Extracted records:
______________________________

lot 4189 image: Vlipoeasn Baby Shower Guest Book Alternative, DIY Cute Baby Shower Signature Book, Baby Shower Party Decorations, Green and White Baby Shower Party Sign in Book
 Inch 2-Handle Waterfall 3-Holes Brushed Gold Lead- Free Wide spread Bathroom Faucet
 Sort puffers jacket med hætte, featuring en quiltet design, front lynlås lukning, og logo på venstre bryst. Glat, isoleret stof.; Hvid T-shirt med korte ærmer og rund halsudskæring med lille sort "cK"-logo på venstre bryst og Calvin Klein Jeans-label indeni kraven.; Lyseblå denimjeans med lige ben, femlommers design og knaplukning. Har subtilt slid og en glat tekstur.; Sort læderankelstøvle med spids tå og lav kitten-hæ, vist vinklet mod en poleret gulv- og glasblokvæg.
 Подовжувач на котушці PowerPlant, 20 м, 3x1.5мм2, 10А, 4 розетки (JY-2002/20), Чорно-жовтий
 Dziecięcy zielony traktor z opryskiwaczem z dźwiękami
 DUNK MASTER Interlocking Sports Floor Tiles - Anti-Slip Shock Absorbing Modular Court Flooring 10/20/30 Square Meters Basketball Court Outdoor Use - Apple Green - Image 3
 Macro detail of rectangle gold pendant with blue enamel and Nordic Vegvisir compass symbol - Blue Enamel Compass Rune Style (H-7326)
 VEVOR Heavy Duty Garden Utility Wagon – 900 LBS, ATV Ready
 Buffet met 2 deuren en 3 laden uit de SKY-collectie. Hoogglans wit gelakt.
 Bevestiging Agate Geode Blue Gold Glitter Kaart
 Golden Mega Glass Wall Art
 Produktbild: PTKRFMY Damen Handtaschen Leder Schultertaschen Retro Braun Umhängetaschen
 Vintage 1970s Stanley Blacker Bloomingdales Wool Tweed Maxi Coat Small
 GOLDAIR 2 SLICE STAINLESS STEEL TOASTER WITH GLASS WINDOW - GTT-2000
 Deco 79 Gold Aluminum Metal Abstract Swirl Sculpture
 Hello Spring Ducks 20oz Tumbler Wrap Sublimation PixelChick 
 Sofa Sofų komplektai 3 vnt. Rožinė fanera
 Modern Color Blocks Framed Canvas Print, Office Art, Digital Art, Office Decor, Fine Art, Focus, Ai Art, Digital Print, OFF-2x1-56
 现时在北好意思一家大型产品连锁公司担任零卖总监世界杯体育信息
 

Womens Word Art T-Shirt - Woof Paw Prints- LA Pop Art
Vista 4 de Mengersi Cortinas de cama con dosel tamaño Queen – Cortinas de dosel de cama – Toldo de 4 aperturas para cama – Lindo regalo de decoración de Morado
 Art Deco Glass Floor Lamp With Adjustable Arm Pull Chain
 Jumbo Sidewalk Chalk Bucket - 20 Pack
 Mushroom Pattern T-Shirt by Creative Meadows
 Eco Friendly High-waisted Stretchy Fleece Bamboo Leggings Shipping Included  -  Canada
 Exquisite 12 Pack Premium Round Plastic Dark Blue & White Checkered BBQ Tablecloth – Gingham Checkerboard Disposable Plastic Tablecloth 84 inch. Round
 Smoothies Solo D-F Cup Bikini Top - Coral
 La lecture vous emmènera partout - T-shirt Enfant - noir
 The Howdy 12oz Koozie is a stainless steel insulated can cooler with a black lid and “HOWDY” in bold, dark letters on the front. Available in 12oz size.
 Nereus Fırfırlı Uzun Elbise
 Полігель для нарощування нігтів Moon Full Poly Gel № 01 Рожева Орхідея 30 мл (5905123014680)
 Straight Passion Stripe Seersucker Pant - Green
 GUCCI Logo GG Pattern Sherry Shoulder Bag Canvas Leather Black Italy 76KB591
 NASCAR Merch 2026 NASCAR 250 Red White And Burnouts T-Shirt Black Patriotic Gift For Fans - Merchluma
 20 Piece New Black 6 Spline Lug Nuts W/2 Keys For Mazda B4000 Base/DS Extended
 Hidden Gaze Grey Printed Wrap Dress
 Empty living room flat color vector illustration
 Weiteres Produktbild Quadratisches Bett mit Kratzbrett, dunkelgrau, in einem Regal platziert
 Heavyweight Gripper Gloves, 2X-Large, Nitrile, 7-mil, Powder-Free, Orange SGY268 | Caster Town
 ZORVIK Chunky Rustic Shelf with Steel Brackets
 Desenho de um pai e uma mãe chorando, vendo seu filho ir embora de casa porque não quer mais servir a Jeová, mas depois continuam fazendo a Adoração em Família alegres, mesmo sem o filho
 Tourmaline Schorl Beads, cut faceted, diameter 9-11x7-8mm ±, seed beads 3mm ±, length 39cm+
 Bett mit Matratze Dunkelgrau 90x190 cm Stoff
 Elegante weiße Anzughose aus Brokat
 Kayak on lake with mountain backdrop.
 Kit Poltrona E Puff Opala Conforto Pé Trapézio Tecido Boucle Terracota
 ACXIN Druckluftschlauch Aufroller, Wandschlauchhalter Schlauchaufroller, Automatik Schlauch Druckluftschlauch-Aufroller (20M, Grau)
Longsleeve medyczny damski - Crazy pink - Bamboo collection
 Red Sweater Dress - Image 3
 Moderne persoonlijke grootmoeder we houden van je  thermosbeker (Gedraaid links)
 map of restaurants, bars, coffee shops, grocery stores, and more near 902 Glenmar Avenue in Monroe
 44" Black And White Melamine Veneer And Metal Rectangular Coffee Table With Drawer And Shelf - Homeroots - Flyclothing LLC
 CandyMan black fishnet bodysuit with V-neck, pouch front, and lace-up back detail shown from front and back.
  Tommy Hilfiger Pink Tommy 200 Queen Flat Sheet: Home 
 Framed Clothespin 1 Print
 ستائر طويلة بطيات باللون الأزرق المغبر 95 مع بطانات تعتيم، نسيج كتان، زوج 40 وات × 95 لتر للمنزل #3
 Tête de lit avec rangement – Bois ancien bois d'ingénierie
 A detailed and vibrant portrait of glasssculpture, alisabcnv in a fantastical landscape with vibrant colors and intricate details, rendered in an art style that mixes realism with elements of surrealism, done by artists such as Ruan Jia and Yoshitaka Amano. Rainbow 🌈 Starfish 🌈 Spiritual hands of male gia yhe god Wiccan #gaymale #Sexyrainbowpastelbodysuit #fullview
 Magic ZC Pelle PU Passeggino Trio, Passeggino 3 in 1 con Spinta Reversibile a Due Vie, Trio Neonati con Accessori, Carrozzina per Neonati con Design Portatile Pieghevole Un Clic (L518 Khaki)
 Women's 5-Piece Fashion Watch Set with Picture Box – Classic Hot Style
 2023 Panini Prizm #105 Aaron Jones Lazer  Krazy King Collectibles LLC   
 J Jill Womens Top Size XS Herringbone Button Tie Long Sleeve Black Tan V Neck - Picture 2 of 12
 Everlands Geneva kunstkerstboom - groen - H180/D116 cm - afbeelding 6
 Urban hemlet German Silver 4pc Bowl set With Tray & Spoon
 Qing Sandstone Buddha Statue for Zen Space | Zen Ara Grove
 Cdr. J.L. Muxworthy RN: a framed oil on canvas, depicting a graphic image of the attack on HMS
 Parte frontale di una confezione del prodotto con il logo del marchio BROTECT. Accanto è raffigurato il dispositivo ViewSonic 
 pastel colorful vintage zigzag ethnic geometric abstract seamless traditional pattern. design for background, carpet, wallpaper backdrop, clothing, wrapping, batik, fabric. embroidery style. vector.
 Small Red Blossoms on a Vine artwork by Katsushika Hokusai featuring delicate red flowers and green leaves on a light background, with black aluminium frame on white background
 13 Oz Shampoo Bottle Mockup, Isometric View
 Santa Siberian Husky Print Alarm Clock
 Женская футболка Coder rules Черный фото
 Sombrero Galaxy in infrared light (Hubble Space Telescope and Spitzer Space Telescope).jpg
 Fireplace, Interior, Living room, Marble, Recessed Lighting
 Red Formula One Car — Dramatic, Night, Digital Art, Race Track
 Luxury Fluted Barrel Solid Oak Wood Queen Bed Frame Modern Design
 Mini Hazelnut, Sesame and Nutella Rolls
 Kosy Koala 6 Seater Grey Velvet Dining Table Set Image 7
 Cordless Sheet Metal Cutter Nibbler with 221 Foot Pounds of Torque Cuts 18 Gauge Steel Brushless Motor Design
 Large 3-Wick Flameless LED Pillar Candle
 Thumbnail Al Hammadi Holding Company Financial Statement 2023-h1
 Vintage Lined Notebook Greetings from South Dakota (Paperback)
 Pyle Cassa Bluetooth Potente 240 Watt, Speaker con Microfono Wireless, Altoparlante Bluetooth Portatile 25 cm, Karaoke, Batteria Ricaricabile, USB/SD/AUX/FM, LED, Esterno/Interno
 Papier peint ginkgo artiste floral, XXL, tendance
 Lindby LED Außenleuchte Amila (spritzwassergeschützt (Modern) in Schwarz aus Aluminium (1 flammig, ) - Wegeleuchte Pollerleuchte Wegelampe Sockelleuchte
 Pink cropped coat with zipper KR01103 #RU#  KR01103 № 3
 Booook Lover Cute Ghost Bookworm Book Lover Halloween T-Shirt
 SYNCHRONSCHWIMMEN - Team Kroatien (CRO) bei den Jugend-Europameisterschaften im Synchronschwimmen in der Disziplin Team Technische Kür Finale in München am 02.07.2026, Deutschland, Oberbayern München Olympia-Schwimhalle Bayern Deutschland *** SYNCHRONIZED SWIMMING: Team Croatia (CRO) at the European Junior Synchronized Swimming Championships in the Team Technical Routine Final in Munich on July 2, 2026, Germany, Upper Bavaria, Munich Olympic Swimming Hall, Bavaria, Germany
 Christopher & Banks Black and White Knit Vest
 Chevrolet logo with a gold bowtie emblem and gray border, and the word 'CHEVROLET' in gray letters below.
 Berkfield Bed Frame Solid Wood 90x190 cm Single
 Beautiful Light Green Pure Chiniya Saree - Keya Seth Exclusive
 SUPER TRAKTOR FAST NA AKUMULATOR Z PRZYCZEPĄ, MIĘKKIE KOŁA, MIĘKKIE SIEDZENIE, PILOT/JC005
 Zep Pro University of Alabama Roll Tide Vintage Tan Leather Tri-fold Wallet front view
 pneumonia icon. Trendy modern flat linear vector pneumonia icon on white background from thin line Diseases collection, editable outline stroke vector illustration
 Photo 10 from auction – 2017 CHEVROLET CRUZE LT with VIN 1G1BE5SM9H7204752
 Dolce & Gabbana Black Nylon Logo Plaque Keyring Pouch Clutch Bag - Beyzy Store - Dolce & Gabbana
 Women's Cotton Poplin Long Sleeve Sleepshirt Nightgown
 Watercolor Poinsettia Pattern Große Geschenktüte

______________________________

Exercise aim: Beginning at the first line of the records, retype exactly every line up to and including the one with "现时在北好意思一家大型产品连锁公司担任零卖总监世界杯体育信息".

Answer to the problem:
lot 4189 image: Vlipoeasn Baby Shower Guest Book Alternative, DIY Cute Baby Shower Signature Book, Baby Shower Party Decorations, Green and White Baby Shower Party Sign in Book
 Inch 2-Handle Waterfall 3-Holes Brushed Gold Lead- Free Wide spread Bathroom Faucet
 Sort puffers jacket med hætte, featuring en quiltet design, front lynlås lukning, og logo på venstre bryst. Glat, isoleret stof.; Hvid T-shirt med korte ærmer og rund halsudskæring med lille sort "cK"-logo på venstre bryst og Calvin Klein Jeans-label indeni kraven.; Lyseblå denimjeans med lige ben, femlommers design og knaplukning. Har subtilt slid og en glat tekstur.; Sort læderankelstøvle med spids tå og lav kitten-hæ, vist vinklet mod en poleret gulv- og glasblokvæg.
 Подовжувач на котушці PowerPlant, 20 м, 3x1.5мм2, 10А, 4 розетки (JY-2002/20), Чорно-жовтий
 Dziecięcy zielony traktor z opryskiwaczem z dźwiękami
 DUNK MASTER Interlocking Sports Floor Tiles - Anti-Slip Shock Absorbing Modular Court Flooring 10/20/30 Square Meters Basketball Court Outdoor Use - Apple Green - Image 3
 Macro detail of rectangle gold pendant with blue enamel and Nordic Vegvisir compass symbol - Blue Enamel Compass Rune Style (H-7326)
 VEVOR Heavy Duty Garden Utility Wagon – 900 LBS, ATV Ready
 Buffet met 2 deuren en 3 laden uit de SKY-collectie. Hoogglans wit gelakt.
 Bevestiging Agate Geode Blue Gold Glitter Kaart
 Golden Mega Glass Wall Art
 Produktbild: PTKRFMY Damen Handtaschen Leder Schultertaschen Retro Braun Umhängetaschen
 Vintage 1970s Stanley Blacker Bloomingdales Wool Tweed Maxi Coat Small
 GOLDAIR 2 SLICE STAINLESS STEEL TOASTER WITH GLASS WINDOW - GTT-2000
 Deco 79 Gold Aluminum Metal Abstract Swirl Sculpture
 Hello Spring Ducks 20oz Tumbler Wrap Sublimation PixelChick 
 Sofa Sofų komplektai 3 vnt. Rožinė fanera
 Modern Color Blocks Framed Canvas Print, Office Art, Digital Art, Office Decor, Fine Art, Focus, Ai Art, Digital Print, OFF-2x1-56
 现时在北好意思一家大型产品连锁公司担任零卖总监世界杯体育信息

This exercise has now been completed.